--- Work request ---
Each entry that follows should be set down precisely, with its pictures removed.

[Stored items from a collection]
+ + + + +

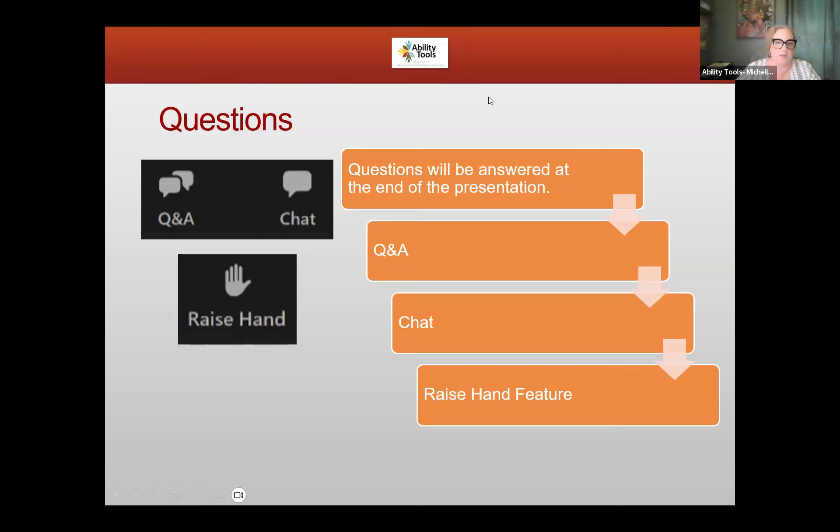With no further ado, thank you so much for joining us — I'll go ahead and hand it over to Leanna. Thank you so much. It's wonderful to be here with you all today. I'm calling in from Hamilton, Ontario in Canada.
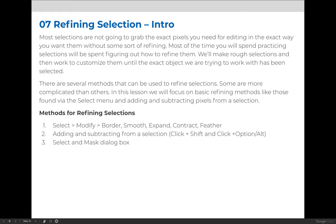There are a number of different ways to modify a selection. You can use the Select menu and use the Modify, Border, Smooth, Expand, Contract, and Feather options.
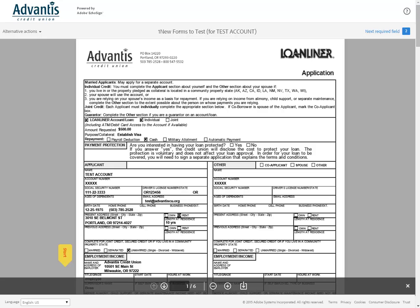Start by letting Advantis know that you would like to e-sign the next time you apply for a loan or make a change to your membership. We will let you know if this service is available for your specific situation. If it is, you can follow these simple steps to e-sign your next document.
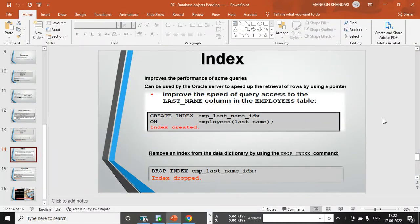Hi, welcome back to my channel. I'm Munkesh and in this video we are covering our next session — another database object called index. What is the use of index? You have seen index in every book — it lets you easily find which page chapter number five is on, so you can jump directly to that page rather than going through every page one by one.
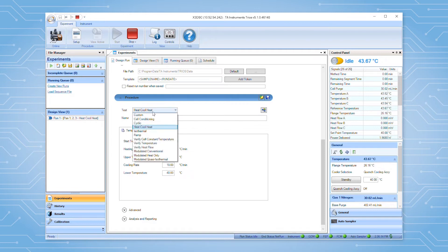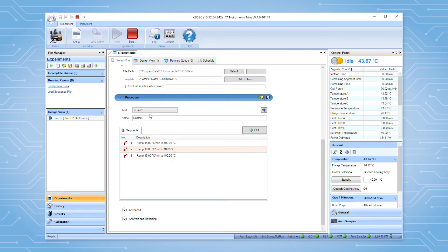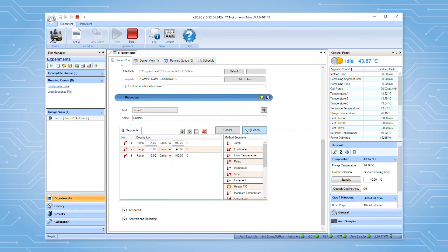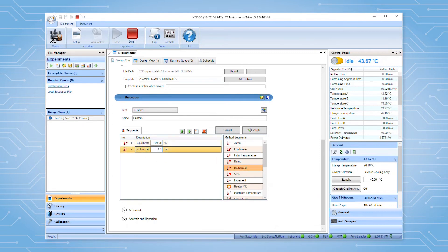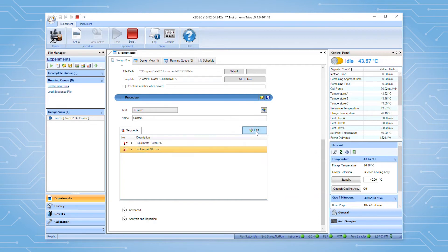Select the custom option from the list to build an experiment from scratch. Click the edit button, then add the required method segments by double clicking or dragging them into the segment editor. Once complete, click the apply button. If desired, procedures can be saved for use in future tests.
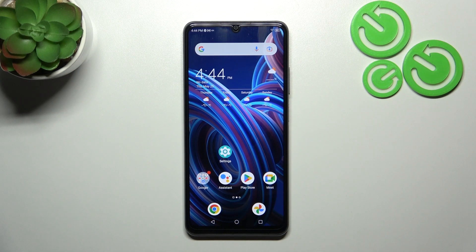Hello, in front of me I've got the ZTE Blade A72s. In this video I'll show you how to find and manage display settings.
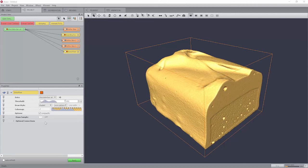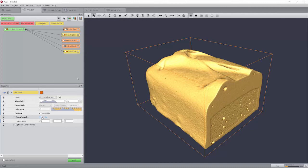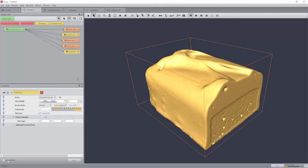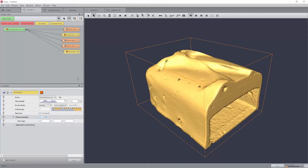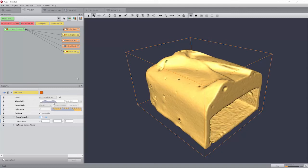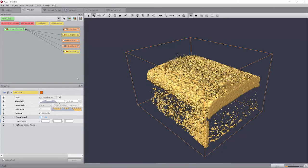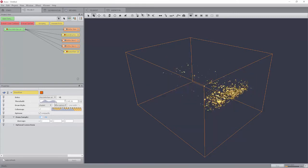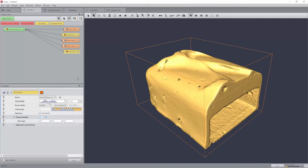Since computing the ISO surface may require some time, you may use the option Downsample to obtain a faster preview and thus test different thresholds. If you downsample enough such that the computation is very fast, you may use the button to interactively search for an optimal threshold. When you have found it, you may then disable the downsampling option to compute the full resolution ISO surface.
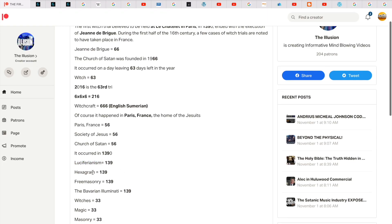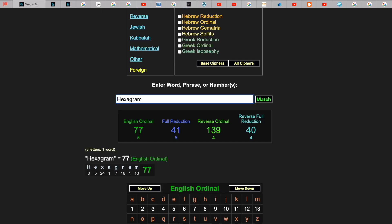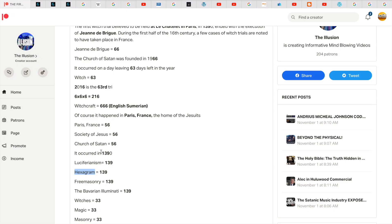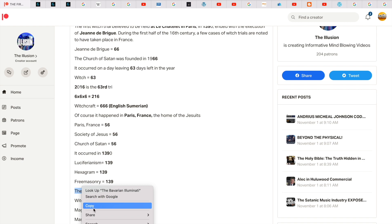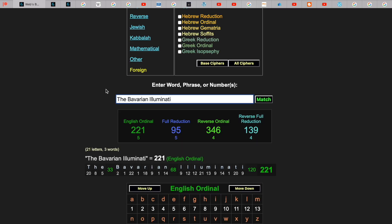But there's more. Hexagram gets you 139. And also, the Bavarian Illuminati gets you 139. And in my opinion, the Bavarian Illuminati, the Society of Jesus, the high-ranked Freemasons, the biggest thing they have in common is they worship Lucifer. And I think they use magic.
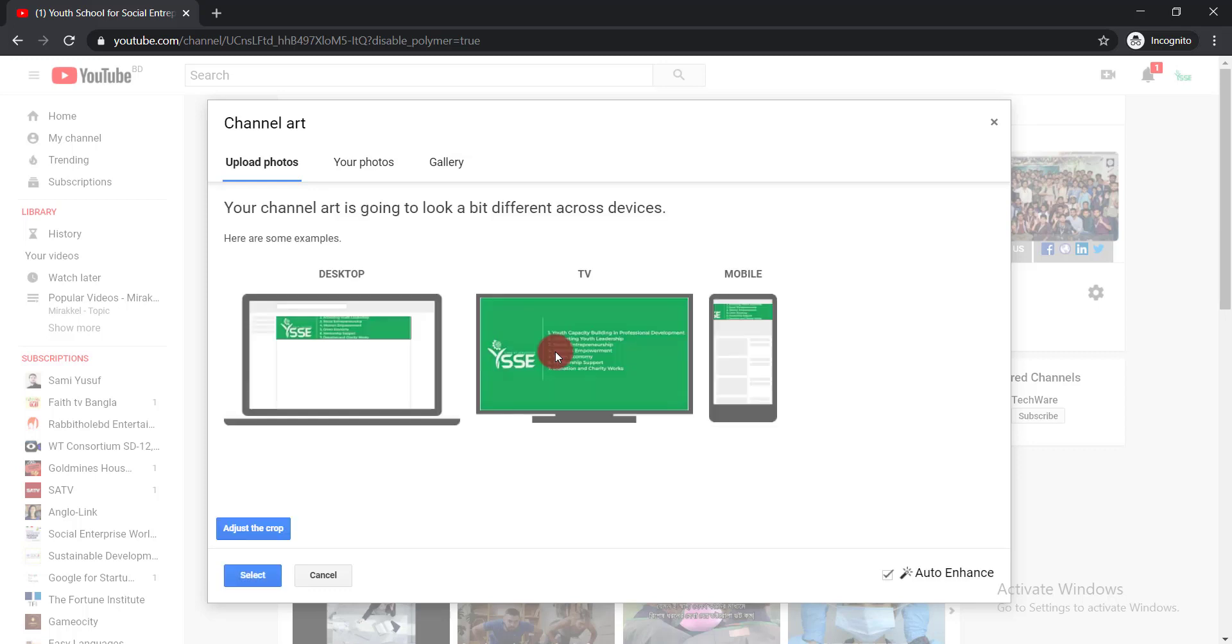Now here you can see our channel art is uploaded here successfully. In this way you can solve this error problem.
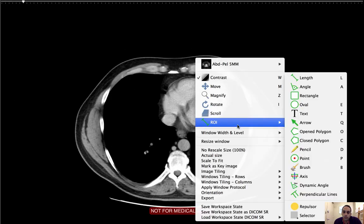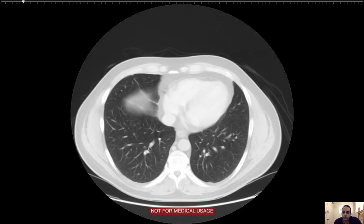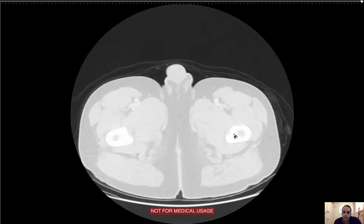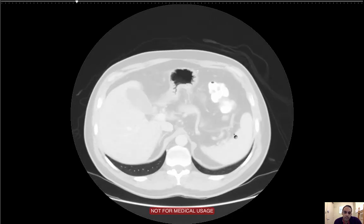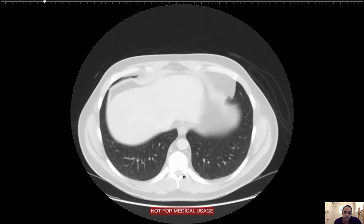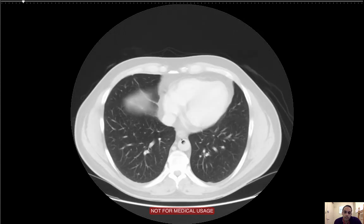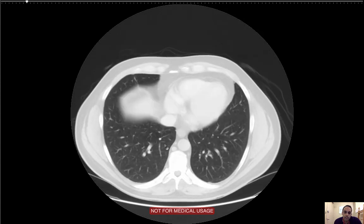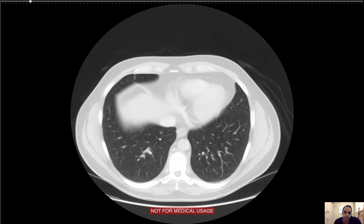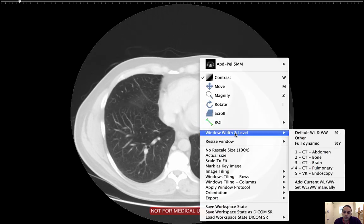I'm going to start with the lungs, looking at lung windows. I'm looking at each lung, basically looking for effusions or consolidations, pneumonia, congestion, any findings I can pick up — small nodules. I don't see anything. The lungs are clear.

+ + + + +

--- Answer space ---
With no further ado, thank you so much for joining us — I'll go ahead and hand it over to Leanna. Thank you so much. It's wonderful to be here with you all today. I'm calling in from Hamilton, Ontario in Canada.
There are a number of different ways to modify a selection. You can use the Select menu and use the Modify, Border, Smooth, Expand, Contract, and Feather options.
Start by letting Advantis know that you would like to e-sign the next time you apply for a loan or make a change to your membership. We will let you know if this service is available for your specific situation. If it is, you can follow these simple steps to e-sign your next document.
Hi, welcome back to my channel. I'm Munkesh and in this video we are covering our next session — another database object called index. What is the use of index? You have seen index in every book — it lets you easily find which page chapter number five is on, so you can jump directly to that page rather than going through every page one by one.
Select the custom option from the list to build an experiment from scratch. Click the edit button, then add the required method segments by double clicking or dragging them into the segment editor. Once complete, click the apply button. If desired, procedures can be saved for use in future tests.
Hello, in front of me I've got the ZTE Blade A72s. In this video I'll show you how to find and manage display settings.
Since computing the ISO surface may require some time, you may use the option Downsample to obtain a faster preview and thus test different thresholds. If you downsample enough such that the computation is very fast, you may use the button to interactively search for an optimal threshold. When you have found it, you may then disable the downsampling option to compute the full resolution ISO surface.
But there's more. Hexagram gets you 139. And also, the Bavarian Illuminati gets you 139. And in my opinion, the Bavarian Illuminati, the Society of Jesus, the high-ranked Freemasons, the biggest thing they have in common is they worship Lucifer. And I think they use magic.
Now here you can see our channel art is uploaded here successfully. In this way you can solve this error problem.
I'm going to start with the lungs, looking at lung windows. I'm looking at each lung, basically looking for effusions or consolidations, pneumonia, congestion, any findings I can pick up — small nodules. I don't see anything. The lungs are clear.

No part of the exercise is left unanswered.